There are many ways to implement a simple calculator console.
When I first heared about calculator and C++ the first thing in my mind was to use the overloading arithmetic operators using the C++ super strong functionality.

They are basically regular functions with special names: their name begins by the operator keyword followed by the operator sign that is overloaded. The syntax is:

type operator sign (parameters) { /... body .../ }

where sign might be any of the recognized operators +,-,*,/,%,^ etc.

As you already know from mathematic addition and multiplication are commutative so it is not important how you introduce the operands for computation.

But in case of subtraction and division that behavior does not apply.
The order of writting them is very important, and more than this, in case of division a check of the right operand to not be divided to 0 must be taken into consideration.

There are 2 ways to implement that:

1. using one paramenter
return_type operator - (parameter_type r) which in this case r is on the right side

2. using two parameters
return_type operator - (paramter_type l, paramter_type r) which in this case l is on the left side and r on the right side

Remember that compiler knows if an operator is unary,binary or ternary so you must implement accordingly.
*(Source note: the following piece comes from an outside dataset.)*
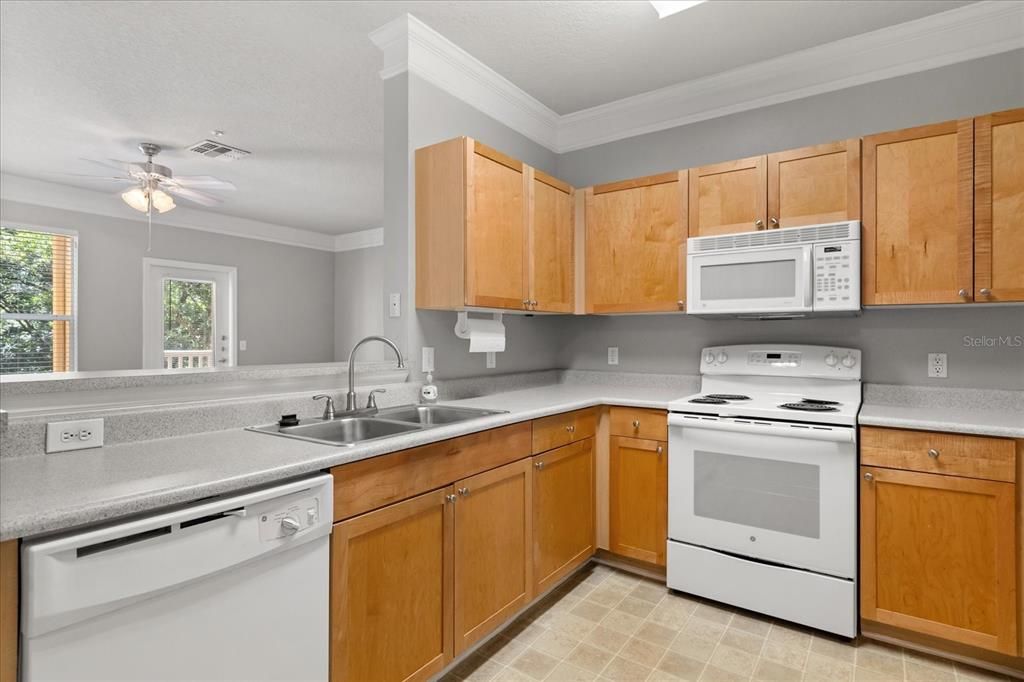 Image 7 of property listing at 8842 VILLA VIEW CIRCLE 207, Orlando, FL 32821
In the example below I overload the bitwise operator ^ and gave it another interpretation of an arithmetic one such as the power of a variable.

Operators in C++
Operator Type
Unary ++ , -- Increment
Binary + , - , * , / , % Arithmetic
< , <= , > , >= , != , == Relational
&& , || , ! Logical
& , | , << , >> , ~ , ^ Bitwise
= , += , -= , *= , /= , %= Assignment
Ternary ?: Conditional

You can also declare parameters with const Object_name & to avoid changing them or ovarload the << (shifting) operator to display the result to the console.

### A way of implementation

Ver 1 is a simple reading loop operation and return the result each time.
It reads from the console in exactly the same order the variables x, opr and y.
The x and y are of type double and opr is of type char to retain the operation that needs to be done.
After reading the values 2 Operand objects a and b are instantiated with those values and a third one c_out is used for showing the result to the console.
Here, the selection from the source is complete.